INSTRUCTIONS FOR THE TASK:
Your answer must be the full listing below, repeated exactly, with no pictures in it.

INFORMATION SUPPLIED:
+---+
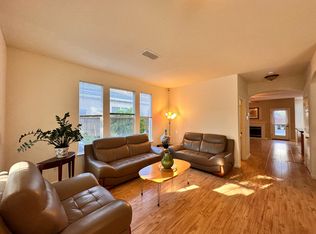 9809 W Taron Dr, Elk Grove, CA 95757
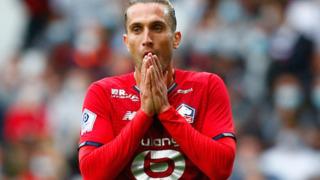 Beşiktaş, Fenerbahçe, Galatasaray derken Yusuf Yazıcı dünya devine gidebilir!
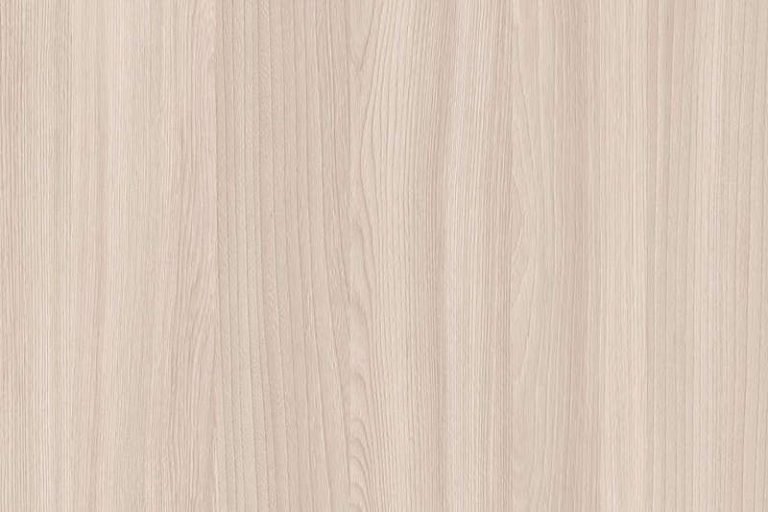 Ясень шимо светлый u3127 PR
+---+
RESPONSE BOX:
 9809 W Taron Dr, Elk Grove, CA 95757
 Beşiktaş, Fenerbahçe, Galatasaray derken Yusuf Yazıcı dünya devine gidebilir!
 Ясень шимо светлый u3127 PR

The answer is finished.